» **Task requirements**
Exclude the pictures and set down, unaltered, the lines from the one that holds "Designlabor" through the end of the data.

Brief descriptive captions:
━━━━━━━━━━━━━━━━━━━━━━━━━━━━━━
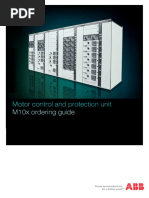 M101-M/M102-M User's Guide | PDF | Power Supply | Switch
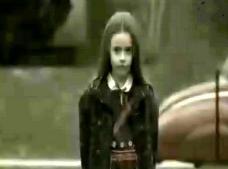 世界十大强恐怖歌曲排行榜(世界上十大最恐怖歌曲)插图3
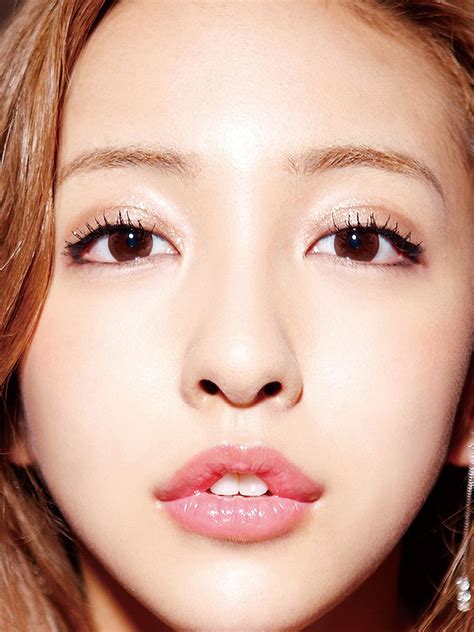 Logged in with {{ login_id.substr(0, 30) }}{{ login_id.length > 30 ? 板野友美 : 顔アップ特集 [綺麗な女優・アイドル・モデル、芸能 ...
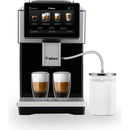  Bellucci Espresso Machine BISTROCASA IMAGE 1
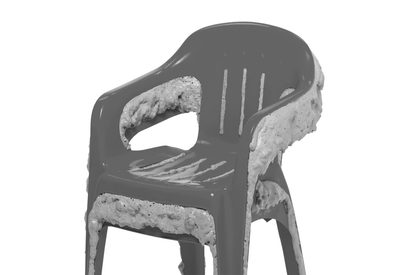 Designlabor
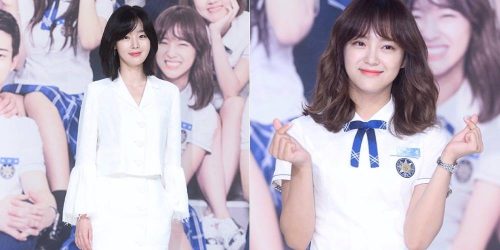 Sunhwa-kim-se-jung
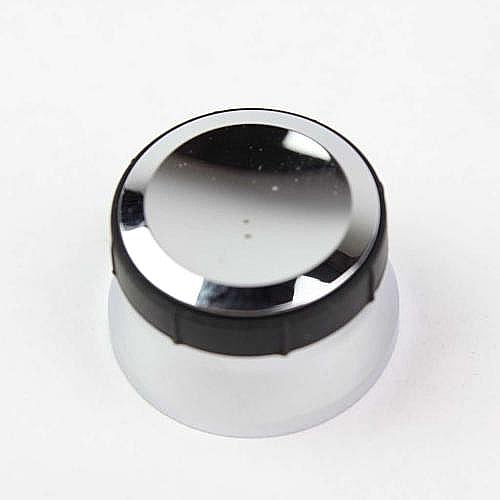 Part #x-2320-325-1, Knob Assembly (S)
━━━━━━━━━━━━━━━━━━━━━━━━━━━━━━
» **Completed task**
 Designlabor
 Sunhwa-kim-se-jung
 Part #x-2320-325-1, Knob Assembly (S)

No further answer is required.